Records from a collection –
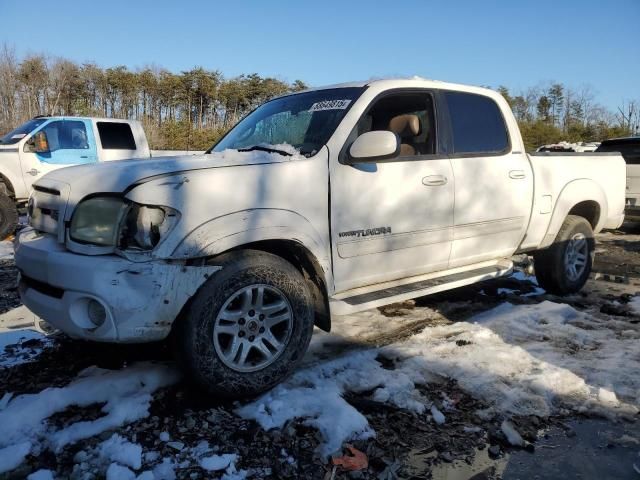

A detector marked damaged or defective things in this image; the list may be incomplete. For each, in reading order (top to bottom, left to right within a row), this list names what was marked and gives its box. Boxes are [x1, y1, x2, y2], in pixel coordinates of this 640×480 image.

crumpled hood [33, 148, 296, 204]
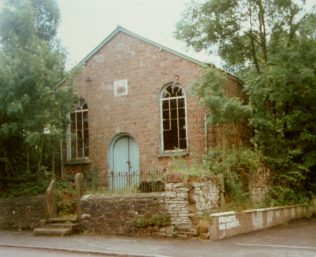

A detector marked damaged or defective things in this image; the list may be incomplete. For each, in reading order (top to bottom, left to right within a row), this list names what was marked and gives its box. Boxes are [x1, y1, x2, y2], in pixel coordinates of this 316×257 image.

broken window [66, 97, 89, 159]
broken window [162, 83, 186, 152]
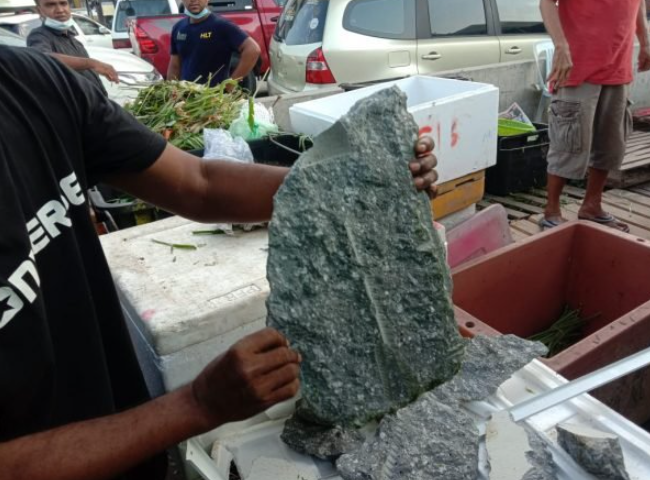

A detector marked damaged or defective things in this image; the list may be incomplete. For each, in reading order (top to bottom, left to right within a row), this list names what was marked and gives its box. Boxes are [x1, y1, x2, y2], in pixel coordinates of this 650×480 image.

broken concrete slab [266, 86, 464, 428]
broken concrete slab [556, 424, 628, 480]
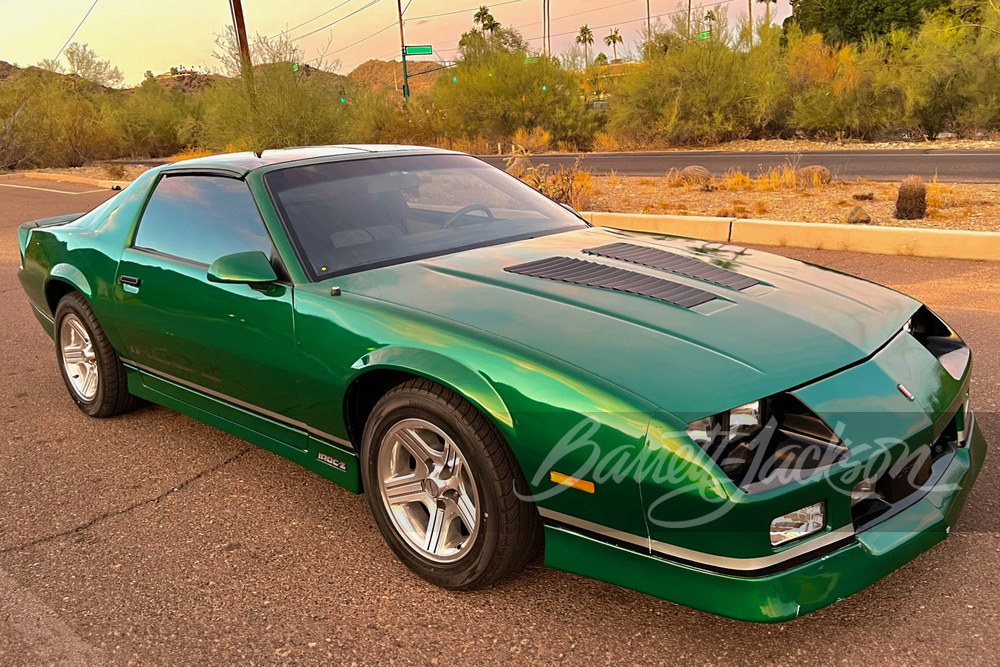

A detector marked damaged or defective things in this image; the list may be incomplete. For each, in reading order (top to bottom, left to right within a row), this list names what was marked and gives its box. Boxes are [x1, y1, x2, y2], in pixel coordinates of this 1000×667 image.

cracked pavement [0, 180, 996, 664]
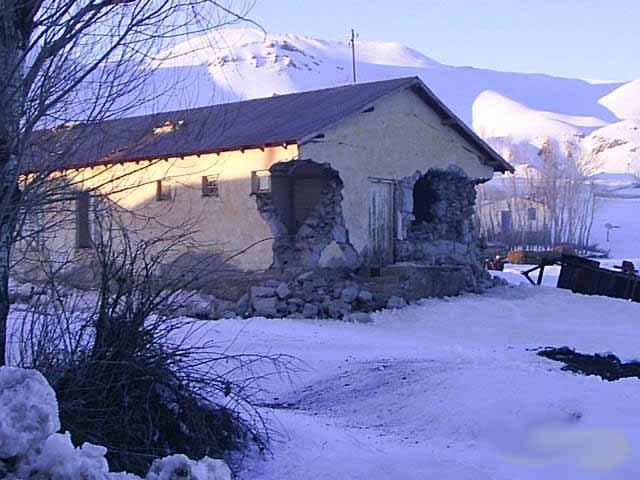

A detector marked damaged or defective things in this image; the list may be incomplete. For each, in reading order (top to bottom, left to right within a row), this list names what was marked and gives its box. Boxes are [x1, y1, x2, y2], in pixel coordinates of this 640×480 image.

damaged building [26, 77, 516, 306]
rusted metal sheet [370, 178, 396, 266]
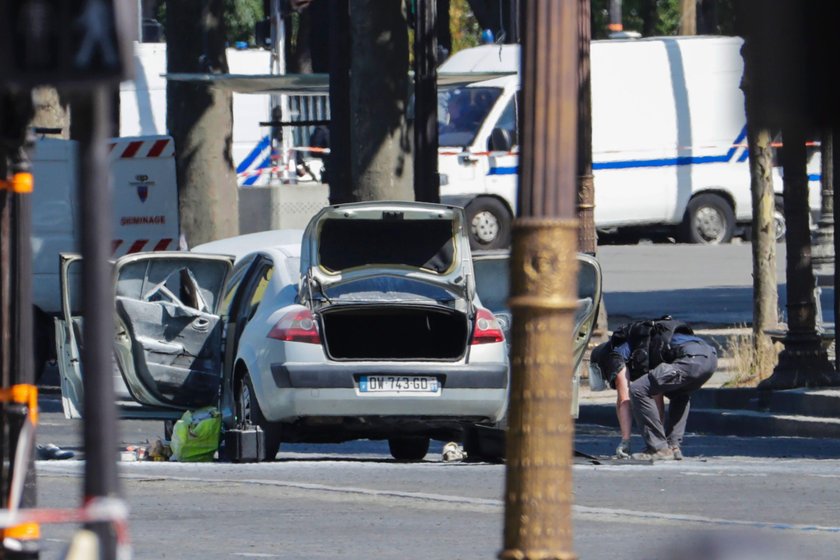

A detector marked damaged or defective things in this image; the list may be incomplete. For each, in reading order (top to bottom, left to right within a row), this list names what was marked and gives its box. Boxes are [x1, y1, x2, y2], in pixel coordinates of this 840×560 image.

damaged silver sedan [59, 201, 508, 460]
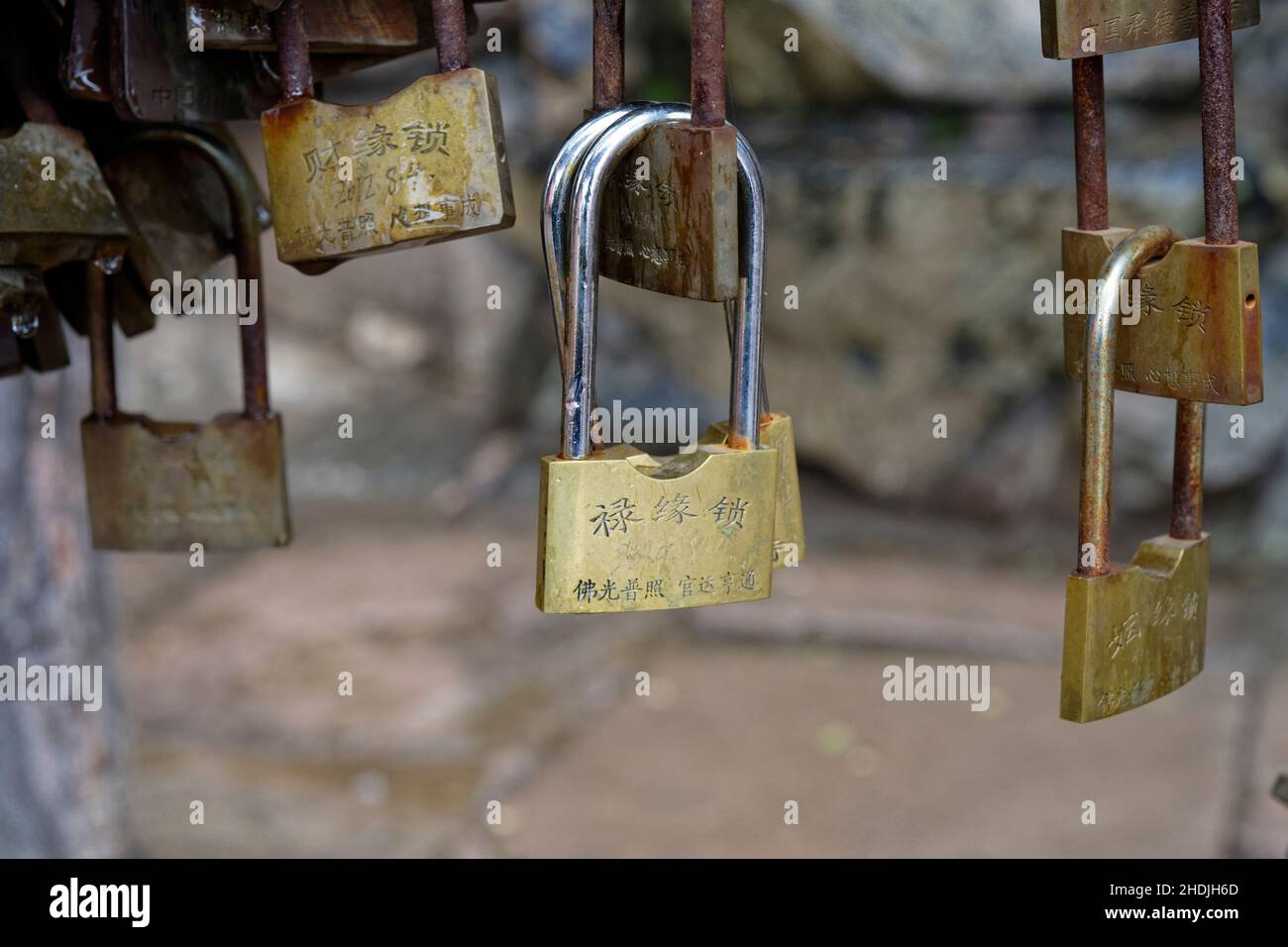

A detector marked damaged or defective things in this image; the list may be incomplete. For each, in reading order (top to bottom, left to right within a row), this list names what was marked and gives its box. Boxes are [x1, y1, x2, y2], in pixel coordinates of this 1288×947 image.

rusty padlock [80, 130, 291, 551]
rusty padlock [258, 0, 515, 271]
rusty padlock [590, 0, 733, 301]
rusty padlock [1054, 226, 1205, 721]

What you need to do –
Only output the lines from the one with "this 1288×947 image." through the end of the entries above, exactly as they are.

Task solution –
A detector marked damaged or defective things in this image; the list may be incomplete. For each, in reading order (top to bottom, left to right within a row), this list names what was marked and gives its box. Boxes are [x1, y1, x2, y2], in pixel coordinates of this 1288×947 image.

rusty padlock [80, 130, 291, 551]
rusty padlock [258, 0, 515, 271]
rusty padlock [590, 0, 733, 301]
rusty padlock [1054, 226, 1205, 721]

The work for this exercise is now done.